What you will do ▸
The answer must be only the lines below from the one holding "6 BEDROOM HOUSE" down to the one holding "Photo of 4406 Convento Drive", ends included, printed exactly; please omit all pictures.

┌─ Exercise input

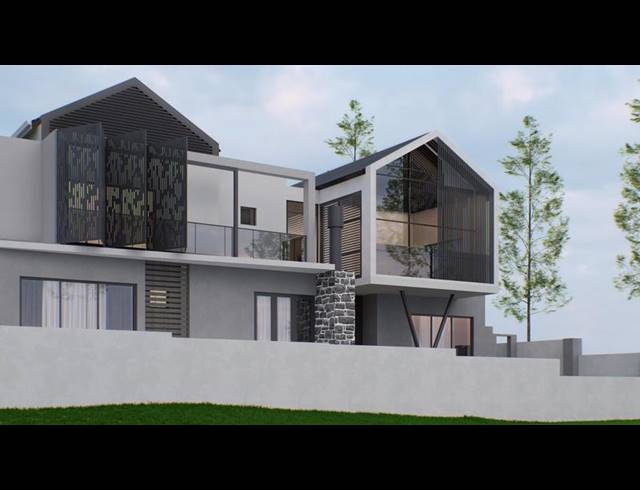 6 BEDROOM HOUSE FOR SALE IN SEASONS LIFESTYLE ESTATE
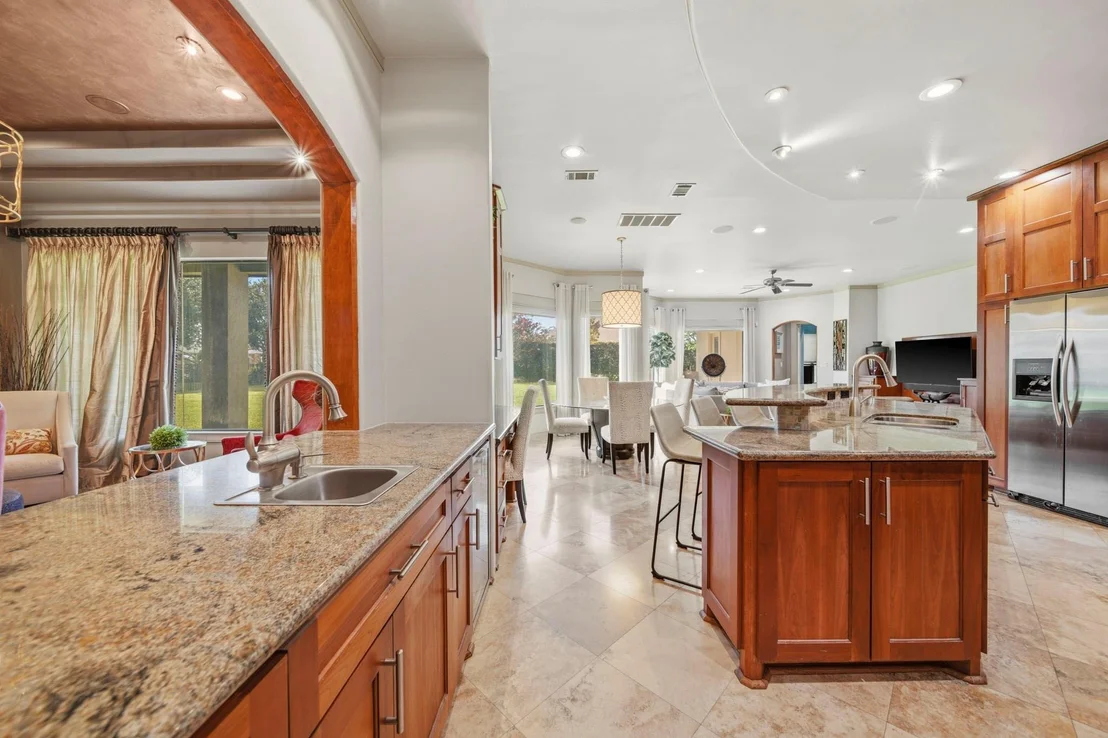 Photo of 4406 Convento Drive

└─
┌─ Exercise input

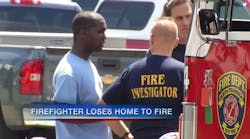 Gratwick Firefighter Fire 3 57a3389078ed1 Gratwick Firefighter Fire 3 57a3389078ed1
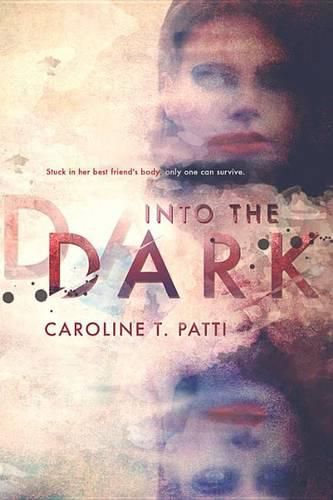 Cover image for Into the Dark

└─

Response for this exercise ▸
 6 BEDROOM HOUSE FOR SALE IN SEASONS LIFESTYLE ESTATE
 Photo of 4406 Convento Drive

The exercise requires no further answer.